Oleh itu sesiapa yang memusuhi Ahlul Bayt AS memang menjadi musuh Rasulullah Saw dan Allah SWT.
Bukankah Allah SWT telah melaknat golongan yang zalim dalam al-Qur’an ?
“Ingatlah, laknat Allah (ditimpakan) ke atas orang-orang yang zalim.”[Qur’an: 11: 18].
Satu hal yang disepakati oleh kaum muslimin bahwa jungjungan kita nabi besar Muhammad saaw sangat perhatian dan sayang pada umatnya serta sangat mengharap umatnya selalu berada dalam kebenaran. Sebagaimana yang disaksikan oleh Allah swt dalam al-Quran, “la’allaka baa khi’un nafsaka an la yakuunuu mukminuun” (Jangan kau binasakan dirimu wahai Muhammad hanya karena mereka tidak mau beriman).

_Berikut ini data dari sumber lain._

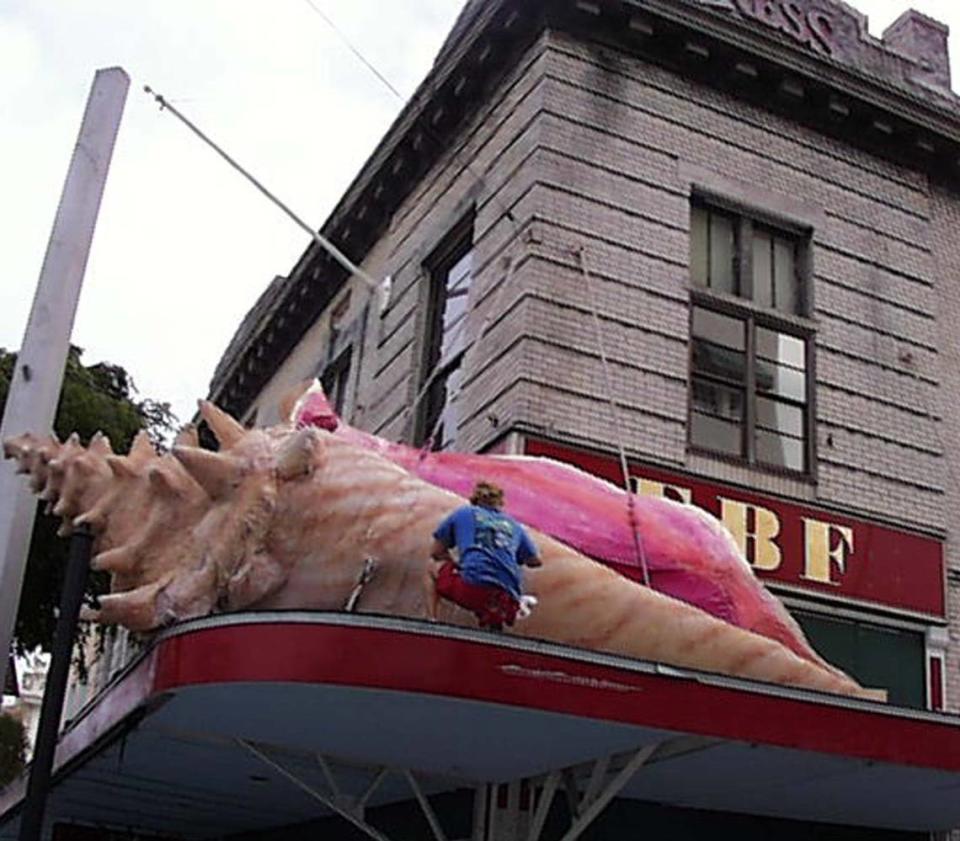 Jim Heidenreich put the finishing touches on a giant Conch Shell on the second story of Fast Back Freddie’s on Duval Street.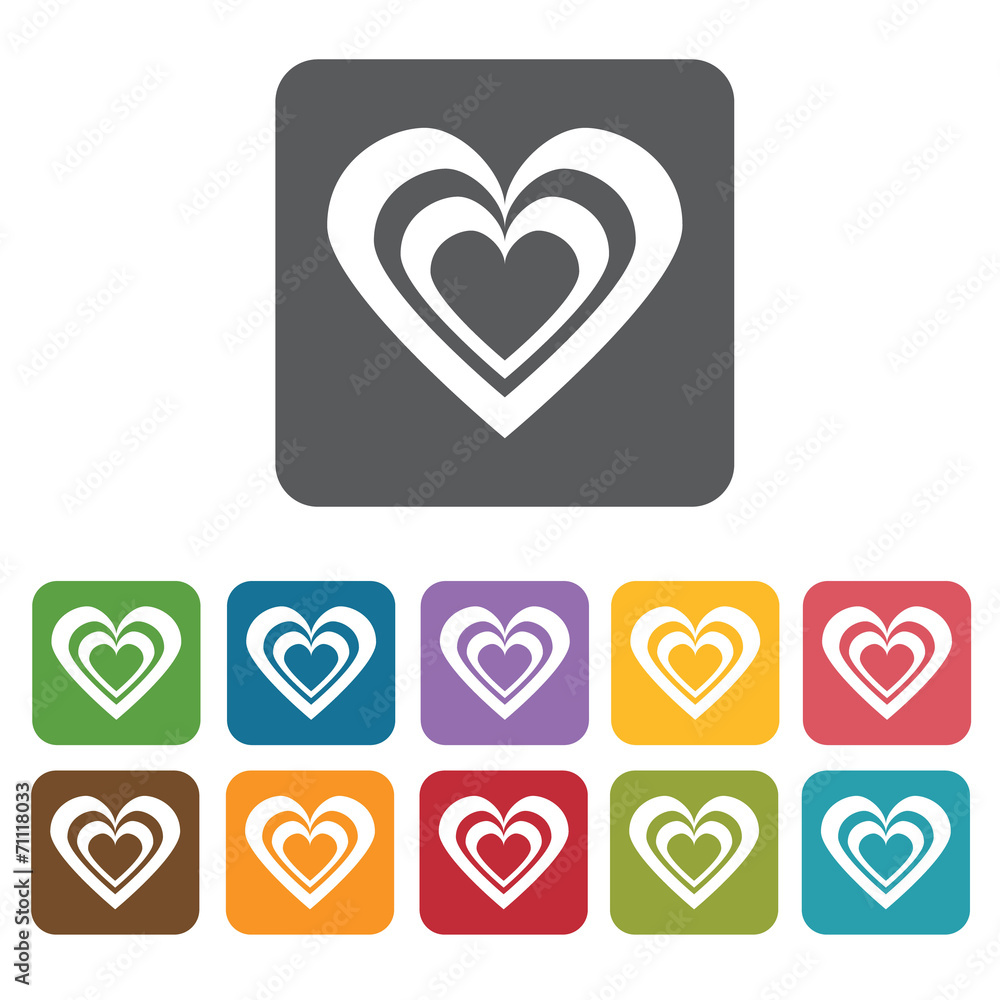 Heart Inside A Heart Icon. Hearts Icons Set. Rectangle Colourful Heart Inside A Heart Icon. Hearts Icons Set. Rectangle Colourful
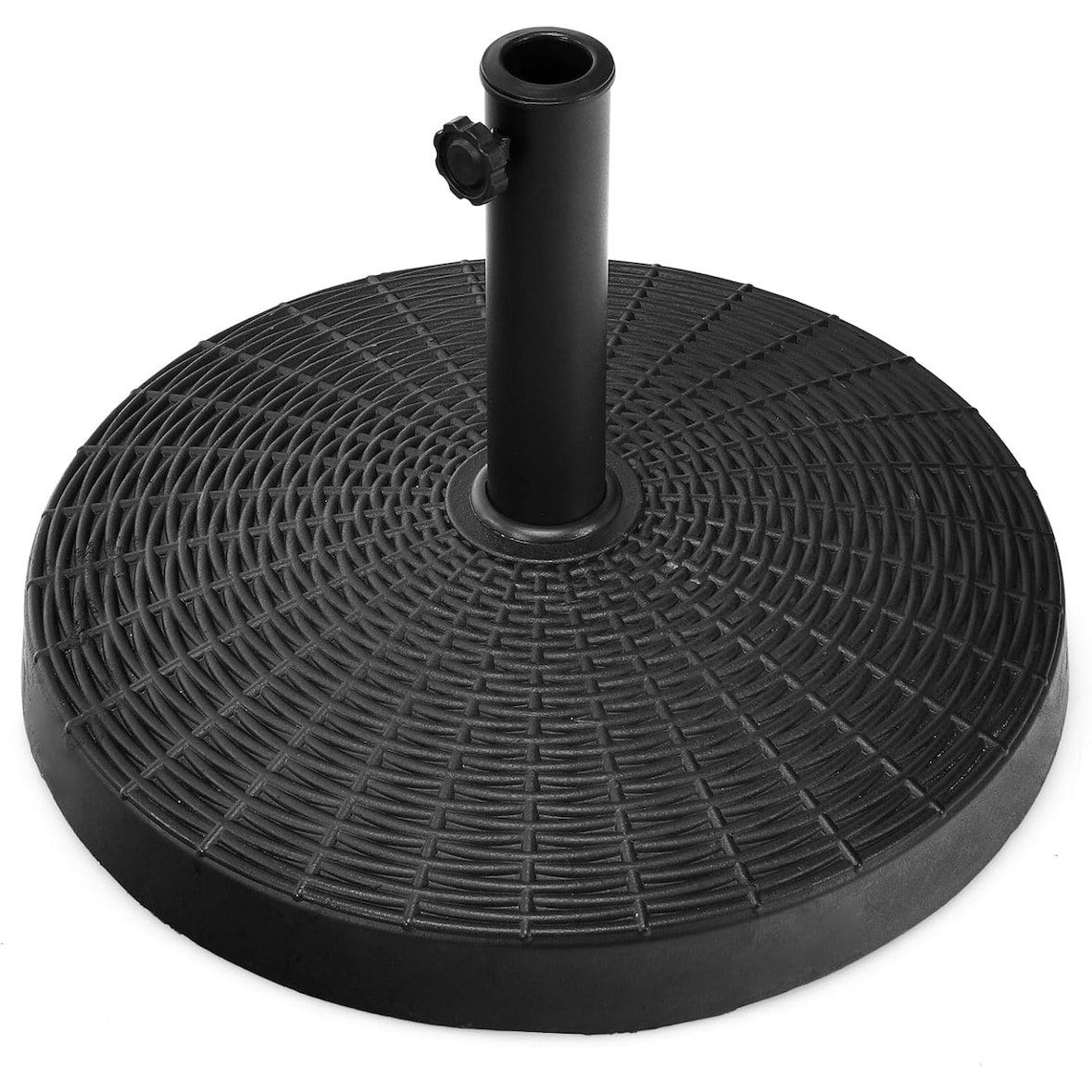 COSTWAY Sonnenschirmständer 22 kg, Schirmständer aus Kunstharz in Rattanoptik für Schirmstangen mit 38/48 mm Durchmesser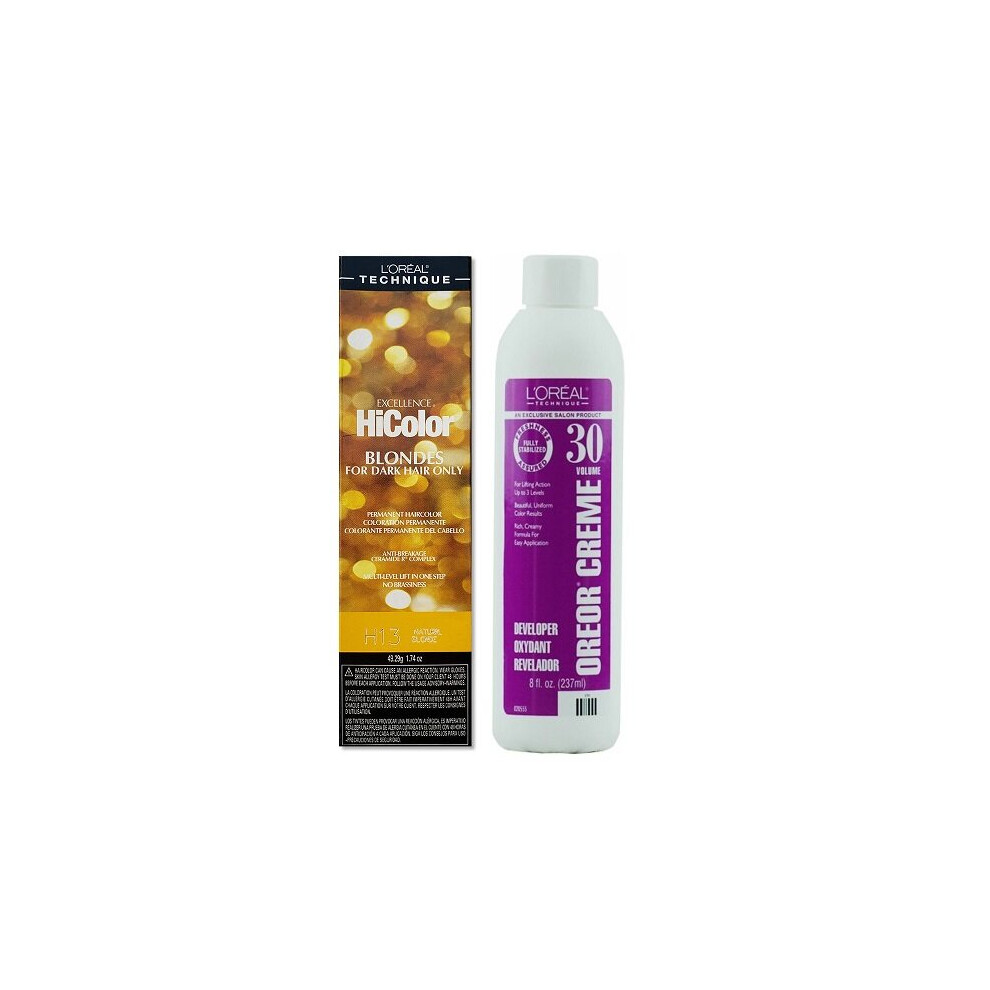 (H13+Dev(Vol.30)8oz) L'Oreal National Blonde H13 Excellence HiColor BLONDES For Dark Hair Only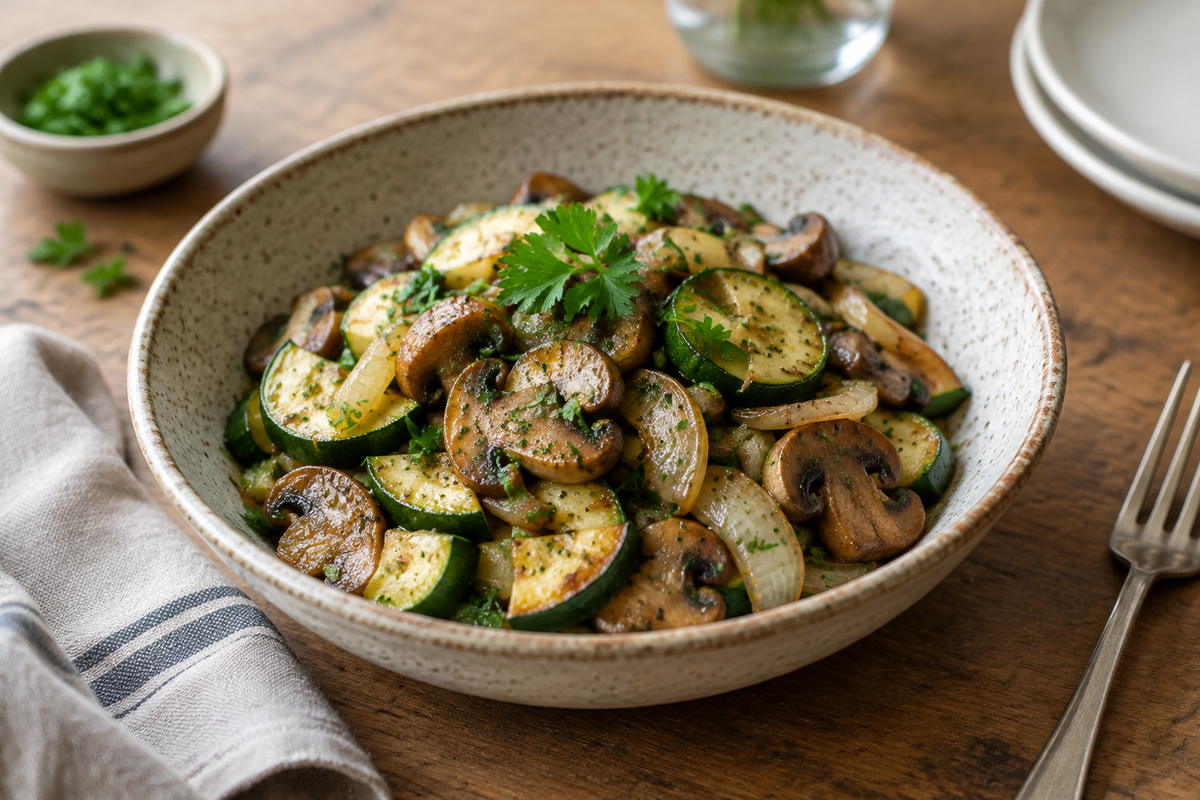 Sautéed zucchini mushrooms and onions served in a rustic bowl garnished with parsley, showcasing fresh sautéed vegetables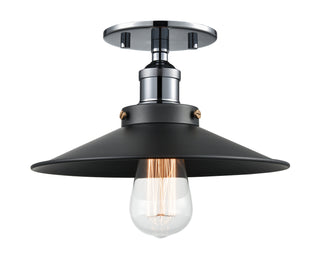 Buy chrome-with-black-glass-and-metal-shade Bulstrode'S Workshop Outdoor (Damp) Flush Mount Ceiling Light by Matteo Lighting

Maka dari itu tidak mungkin Rasulullah meninggalkan umat tanpa menjelaskan kepada mereka apa yang harus dijadikan rujukan oleh umat berkenaan dengan ajaran yang dibawa oleh beliau. Jika kita merujuk kepada kitab-kitab hadis, maka kita akan menemukan bahwa Rasulullah saaw telah berwasiat pada segenap umatnya untuk berpegang kepada dua hal yaitu Alquran dan Keluarga suci beliau.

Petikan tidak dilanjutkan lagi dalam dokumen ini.